Jeff Rainford, spokesman for St. Louis Mayor Francis Slay, said the mayor is
aware of the 90-day clock that is ticking. 

He said the mayor has taken a three-pronged approach to the situation at
Lambert. The first step was to convince American not to pull out altogether.
The second step is to work on airport finances by encouraging other
airlines, such as Southwest and Northwest, to take over some of American's
abandoned routes as well as encouraging budget-cutting at the airport by the
director, Col. Leonard Griggs; and finally, to develop a long-term plan for
the airport. 

"Analysts sitting on sidelines with no information are saying we need to do
this or that. We need to do what's best for St. Louis to make us attractive
to carriers for the next 20 years," Rainford said. 

To that end, Slay has enlisted the support of the Regional Business Council,
Civic Progress and the Regional Chamber and Growth Association in helping
form a task force for long-term planning for the airport. 

"For the last 10 to 20 years we've lived and died with the industry in
general and our hub carrier in particular at Lambert. Now we need to decide
our future," Rainford said. 

The city of St. Louis has about $940 million in outstanding debt used to
help finance the construction project at the airport. The city is in the
first phase of a $1.09 billion expansion project to add a parallel third
runway at Lambert. 

Since American's announcement of flight cutbacks, Standard & Poor's has
downgraded the airport bonds from an A- rating to a BBB+ rating and has
placed the bonds on a 90-day watch list for further downgrades.

"While a listing (on the watch list) does not mean a change is inevitable,
it could mean that only the magnitude of the rating change has yet to be
determined," according to S&P's rating summary. 
  
An A- rated bond is generally classified as upper medium quality with strong
capacity to pay principal and interest. A BBB+ rated bond is generally
classified as medium grade with adequate capacity to pay principal and
interest. 

"The airport rating has incorporated the exposure to American (77 percent
market share), the airport's amount of connecting traffic (50 percent), and
the airport's relatively weaker position in the American system. The
downgrade reflects an expectation of financial stress over the
near-to-intermediate term and challenges to airport management and the
city," the Standard & Poor's report said. 

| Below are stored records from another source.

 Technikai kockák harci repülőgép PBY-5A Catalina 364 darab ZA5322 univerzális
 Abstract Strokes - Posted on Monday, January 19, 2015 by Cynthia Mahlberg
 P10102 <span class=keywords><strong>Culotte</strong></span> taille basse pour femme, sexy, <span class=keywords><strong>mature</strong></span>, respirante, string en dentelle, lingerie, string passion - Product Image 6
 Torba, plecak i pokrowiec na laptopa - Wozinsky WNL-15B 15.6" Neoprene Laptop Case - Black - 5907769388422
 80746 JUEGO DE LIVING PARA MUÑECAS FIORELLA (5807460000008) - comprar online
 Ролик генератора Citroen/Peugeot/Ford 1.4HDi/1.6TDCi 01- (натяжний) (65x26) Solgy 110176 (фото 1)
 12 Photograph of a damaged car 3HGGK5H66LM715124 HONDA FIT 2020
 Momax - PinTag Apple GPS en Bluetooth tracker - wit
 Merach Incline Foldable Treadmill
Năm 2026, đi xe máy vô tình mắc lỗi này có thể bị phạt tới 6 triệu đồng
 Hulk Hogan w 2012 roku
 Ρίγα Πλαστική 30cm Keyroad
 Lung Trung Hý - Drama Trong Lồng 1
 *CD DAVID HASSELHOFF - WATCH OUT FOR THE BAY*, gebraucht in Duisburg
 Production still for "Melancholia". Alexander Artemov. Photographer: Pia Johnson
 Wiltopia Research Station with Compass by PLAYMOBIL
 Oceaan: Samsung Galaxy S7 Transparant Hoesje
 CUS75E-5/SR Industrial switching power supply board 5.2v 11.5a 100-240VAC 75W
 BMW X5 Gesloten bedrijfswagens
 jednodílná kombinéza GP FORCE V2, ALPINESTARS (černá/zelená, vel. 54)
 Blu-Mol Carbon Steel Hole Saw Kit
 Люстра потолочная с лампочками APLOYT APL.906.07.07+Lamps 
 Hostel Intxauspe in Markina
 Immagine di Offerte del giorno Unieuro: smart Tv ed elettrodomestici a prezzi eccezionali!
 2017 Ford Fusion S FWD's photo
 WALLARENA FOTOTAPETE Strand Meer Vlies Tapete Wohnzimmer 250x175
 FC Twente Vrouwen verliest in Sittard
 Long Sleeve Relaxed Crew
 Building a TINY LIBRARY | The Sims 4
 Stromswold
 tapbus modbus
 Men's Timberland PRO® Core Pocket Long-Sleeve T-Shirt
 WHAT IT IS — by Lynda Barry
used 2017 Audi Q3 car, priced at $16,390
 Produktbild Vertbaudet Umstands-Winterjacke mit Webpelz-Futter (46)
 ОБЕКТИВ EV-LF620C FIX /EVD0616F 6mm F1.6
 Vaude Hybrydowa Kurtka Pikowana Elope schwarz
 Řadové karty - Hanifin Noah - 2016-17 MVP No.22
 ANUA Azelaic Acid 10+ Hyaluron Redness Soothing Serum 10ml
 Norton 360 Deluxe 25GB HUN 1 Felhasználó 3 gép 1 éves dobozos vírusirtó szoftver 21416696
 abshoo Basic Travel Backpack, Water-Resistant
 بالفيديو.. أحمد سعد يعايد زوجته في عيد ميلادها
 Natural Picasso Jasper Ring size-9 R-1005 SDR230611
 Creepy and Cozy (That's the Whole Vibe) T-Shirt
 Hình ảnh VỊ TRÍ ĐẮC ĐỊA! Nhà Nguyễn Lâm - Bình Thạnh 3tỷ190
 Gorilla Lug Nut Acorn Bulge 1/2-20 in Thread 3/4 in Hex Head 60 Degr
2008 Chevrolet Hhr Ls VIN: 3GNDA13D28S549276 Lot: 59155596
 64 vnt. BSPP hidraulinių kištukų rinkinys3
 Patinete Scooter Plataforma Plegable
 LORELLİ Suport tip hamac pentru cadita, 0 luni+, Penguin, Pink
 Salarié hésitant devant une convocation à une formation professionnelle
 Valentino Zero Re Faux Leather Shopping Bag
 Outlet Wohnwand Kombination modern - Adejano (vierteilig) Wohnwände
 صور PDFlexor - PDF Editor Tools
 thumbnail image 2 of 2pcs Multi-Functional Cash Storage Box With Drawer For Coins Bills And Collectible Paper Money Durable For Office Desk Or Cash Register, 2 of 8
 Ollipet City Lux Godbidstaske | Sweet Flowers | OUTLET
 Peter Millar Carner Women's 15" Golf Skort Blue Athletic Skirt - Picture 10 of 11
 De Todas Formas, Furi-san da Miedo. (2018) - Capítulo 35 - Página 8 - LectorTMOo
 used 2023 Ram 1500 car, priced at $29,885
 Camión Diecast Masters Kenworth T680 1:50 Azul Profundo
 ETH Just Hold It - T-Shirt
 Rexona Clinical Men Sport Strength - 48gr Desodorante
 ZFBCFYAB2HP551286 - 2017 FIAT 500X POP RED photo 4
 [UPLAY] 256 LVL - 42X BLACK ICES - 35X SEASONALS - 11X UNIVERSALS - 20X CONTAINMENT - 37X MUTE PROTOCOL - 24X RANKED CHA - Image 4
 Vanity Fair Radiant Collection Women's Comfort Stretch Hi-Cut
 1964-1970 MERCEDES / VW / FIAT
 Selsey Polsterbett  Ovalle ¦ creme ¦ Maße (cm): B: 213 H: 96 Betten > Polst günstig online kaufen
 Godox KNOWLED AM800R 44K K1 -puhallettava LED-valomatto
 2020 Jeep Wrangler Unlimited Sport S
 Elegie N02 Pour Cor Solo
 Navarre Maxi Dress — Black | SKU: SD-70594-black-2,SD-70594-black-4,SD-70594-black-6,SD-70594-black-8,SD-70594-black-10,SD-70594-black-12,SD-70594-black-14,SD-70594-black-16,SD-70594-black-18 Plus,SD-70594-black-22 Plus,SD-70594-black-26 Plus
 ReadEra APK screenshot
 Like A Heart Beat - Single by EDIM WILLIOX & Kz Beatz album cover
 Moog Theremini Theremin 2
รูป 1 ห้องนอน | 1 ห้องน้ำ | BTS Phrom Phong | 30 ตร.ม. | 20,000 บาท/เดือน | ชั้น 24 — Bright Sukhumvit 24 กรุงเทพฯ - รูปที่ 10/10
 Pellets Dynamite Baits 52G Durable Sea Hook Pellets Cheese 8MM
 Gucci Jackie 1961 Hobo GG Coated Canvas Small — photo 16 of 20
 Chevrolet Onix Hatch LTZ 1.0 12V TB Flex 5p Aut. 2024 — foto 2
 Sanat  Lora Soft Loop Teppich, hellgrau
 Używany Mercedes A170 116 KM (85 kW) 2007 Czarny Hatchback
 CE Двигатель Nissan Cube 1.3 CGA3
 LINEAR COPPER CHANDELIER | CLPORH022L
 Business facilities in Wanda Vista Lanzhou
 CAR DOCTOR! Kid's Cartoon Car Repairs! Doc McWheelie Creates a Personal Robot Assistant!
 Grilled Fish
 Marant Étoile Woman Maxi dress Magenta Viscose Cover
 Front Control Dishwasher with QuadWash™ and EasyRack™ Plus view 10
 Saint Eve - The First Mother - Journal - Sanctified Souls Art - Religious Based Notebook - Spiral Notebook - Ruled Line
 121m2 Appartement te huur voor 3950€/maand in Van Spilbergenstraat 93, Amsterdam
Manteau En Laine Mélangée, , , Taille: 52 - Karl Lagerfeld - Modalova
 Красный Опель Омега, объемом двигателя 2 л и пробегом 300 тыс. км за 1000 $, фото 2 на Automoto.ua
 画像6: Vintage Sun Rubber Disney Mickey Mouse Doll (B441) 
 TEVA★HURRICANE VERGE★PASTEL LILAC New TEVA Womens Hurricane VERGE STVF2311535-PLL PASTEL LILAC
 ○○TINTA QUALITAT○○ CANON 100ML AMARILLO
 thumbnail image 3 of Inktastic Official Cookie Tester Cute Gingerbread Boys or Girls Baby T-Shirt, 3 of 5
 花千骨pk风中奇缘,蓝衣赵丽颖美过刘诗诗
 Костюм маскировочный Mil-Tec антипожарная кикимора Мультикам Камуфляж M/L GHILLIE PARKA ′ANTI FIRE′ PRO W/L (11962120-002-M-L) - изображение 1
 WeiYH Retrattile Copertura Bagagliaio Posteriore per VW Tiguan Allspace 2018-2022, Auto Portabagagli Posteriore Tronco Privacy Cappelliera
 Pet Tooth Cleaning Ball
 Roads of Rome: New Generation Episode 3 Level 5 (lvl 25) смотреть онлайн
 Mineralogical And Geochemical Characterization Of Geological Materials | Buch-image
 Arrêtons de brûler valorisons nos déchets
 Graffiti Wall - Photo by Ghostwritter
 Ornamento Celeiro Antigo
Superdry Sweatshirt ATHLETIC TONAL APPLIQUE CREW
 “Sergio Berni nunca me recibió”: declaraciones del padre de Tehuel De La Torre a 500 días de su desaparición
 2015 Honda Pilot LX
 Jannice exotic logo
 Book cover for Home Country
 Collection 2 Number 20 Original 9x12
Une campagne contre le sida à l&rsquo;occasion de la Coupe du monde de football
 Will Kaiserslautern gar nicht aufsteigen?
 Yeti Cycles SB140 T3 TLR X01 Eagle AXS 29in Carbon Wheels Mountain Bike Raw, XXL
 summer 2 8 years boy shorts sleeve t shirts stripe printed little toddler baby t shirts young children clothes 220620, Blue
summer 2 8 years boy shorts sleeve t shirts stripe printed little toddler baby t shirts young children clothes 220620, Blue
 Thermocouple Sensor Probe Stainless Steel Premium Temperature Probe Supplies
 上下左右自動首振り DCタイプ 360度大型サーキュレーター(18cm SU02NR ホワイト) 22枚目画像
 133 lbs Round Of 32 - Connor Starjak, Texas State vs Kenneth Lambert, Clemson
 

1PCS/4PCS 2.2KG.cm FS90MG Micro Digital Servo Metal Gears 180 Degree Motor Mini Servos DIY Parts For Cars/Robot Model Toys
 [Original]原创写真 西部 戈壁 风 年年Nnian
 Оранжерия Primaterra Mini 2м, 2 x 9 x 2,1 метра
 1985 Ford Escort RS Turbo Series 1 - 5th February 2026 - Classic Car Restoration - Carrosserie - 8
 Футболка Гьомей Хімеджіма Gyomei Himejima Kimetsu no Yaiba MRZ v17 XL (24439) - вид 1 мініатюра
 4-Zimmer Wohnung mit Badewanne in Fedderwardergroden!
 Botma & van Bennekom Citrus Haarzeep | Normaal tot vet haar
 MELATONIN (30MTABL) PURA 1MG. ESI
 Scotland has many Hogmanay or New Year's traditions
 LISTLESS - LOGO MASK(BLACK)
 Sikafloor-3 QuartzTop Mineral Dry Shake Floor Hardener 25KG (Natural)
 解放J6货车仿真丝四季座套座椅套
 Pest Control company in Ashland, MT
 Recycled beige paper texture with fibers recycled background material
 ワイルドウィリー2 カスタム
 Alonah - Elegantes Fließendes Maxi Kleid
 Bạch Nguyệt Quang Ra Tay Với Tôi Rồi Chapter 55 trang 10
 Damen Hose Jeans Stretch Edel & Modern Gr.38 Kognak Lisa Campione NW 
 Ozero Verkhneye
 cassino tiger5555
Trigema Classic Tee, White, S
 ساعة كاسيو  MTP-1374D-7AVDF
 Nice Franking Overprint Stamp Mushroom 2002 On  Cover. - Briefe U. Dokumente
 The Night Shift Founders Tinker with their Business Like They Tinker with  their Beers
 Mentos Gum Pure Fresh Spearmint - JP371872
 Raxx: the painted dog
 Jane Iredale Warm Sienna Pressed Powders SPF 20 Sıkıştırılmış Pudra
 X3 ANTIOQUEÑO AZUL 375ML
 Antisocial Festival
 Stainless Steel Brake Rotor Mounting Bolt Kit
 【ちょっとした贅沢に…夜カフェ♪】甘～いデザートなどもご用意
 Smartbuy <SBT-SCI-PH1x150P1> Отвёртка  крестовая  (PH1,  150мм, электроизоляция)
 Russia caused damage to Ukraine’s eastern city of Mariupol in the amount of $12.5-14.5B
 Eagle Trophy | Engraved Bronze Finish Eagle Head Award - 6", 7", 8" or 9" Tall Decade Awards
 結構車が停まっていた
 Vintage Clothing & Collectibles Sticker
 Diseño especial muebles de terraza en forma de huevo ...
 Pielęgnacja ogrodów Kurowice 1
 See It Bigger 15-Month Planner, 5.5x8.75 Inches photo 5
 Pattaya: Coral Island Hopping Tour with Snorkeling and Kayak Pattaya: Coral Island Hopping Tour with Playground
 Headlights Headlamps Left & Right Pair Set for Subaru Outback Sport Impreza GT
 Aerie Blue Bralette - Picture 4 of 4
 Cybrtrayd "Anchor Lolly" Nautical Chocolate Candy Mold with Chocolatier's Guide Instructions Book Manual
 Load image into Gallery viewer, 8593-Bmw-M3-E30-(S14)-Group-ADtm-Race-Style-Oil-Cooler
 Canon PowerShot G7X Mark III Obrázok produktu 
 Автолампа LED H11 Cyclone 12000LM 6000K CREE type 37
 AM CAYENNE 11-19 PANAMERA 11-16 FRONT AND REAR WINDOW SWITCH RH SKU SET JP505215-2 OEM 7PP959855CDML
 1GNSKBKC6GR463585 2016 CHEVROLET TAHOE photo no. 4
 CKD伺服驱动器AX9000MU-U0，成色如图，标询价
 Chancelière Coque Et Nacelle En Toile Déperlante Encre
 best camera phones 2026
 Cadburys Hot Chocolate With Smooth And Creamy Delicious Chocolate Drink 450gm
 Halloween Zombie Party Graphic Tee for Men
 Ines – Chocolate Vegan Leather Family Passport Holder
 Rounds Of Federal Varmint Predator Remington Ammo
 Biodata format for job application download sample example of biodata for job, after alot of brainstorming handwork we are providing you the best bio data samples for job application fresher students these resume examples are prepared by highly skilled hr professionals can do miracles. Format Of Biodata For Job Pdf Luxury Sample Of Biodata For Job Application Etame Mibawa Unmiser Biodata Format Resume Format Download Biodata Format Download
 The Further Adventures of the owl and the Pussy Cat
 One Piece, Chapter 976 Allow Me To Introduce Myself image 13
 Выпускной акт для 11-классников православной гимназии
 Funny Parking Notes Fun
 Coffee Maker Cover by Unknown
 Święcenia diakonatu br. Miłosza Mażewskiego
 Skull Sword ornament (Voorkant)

"We were surprised and actually wonder if they didn't act prematurely since
the other two agencies chose instead to monitor the situation at Lambert for
90 days before taking any action as drastic as Standard & Poor's did,"
Pinkston said. 

Both Moody's Investors Service and Fitch Ratings have placed the city's
bonds on a 90-day watch list, meaning that they are considering lowering
their credit ratings after that period if the airport finances do not appear
to have improved. Moody's credit rating on the bonds remains at A3 and
Fitch's credit rating remains at A-, both upper-medium quality bonds. 

Pinkston said Fitch and Moody's "gave the airport time to seek replacement
carriers for the routes American plans to eliminate and coincides with the
timing American had. That's truly what people in this office and our
financial advisers would have expected. A downgrade, we think, is
premature." 

Standard & Poor's first placed the airport bonds on the 90-day watch list on
April 30 "following an erosion in traffic levels, the weakening financial
position of American Airlines and concern by Standard & Poor's that service
cutbacks... could likely be more severe than anticipated," the credit rating
company said. 

"There's been just one downgrade at this juncture and we don't expect
anything to occur because the debt of the airport will always be paid.
Neither the city nor the airport has ever defaulted. Debt is always paid
first by the city and the airport," Pinkston said. "Our bonds are insured.
Bondholders need not worry. Our (outstanding airport) bonds are AAA rated
and insured so there is no risk on the part of the bondholders." 

Peter Czajkowski, senior vice president at Stifel Nicolaus, said credit
ratings can affect the cost of future borrowing. 

"A reduced credit rating increases the cost of funds that are required to be
borrowed for a project by directly leading to higher interest rates on the
bonds or alternatively usually leading to higher costs to have bonds
enhanced by bond insurers," Czajkowski said.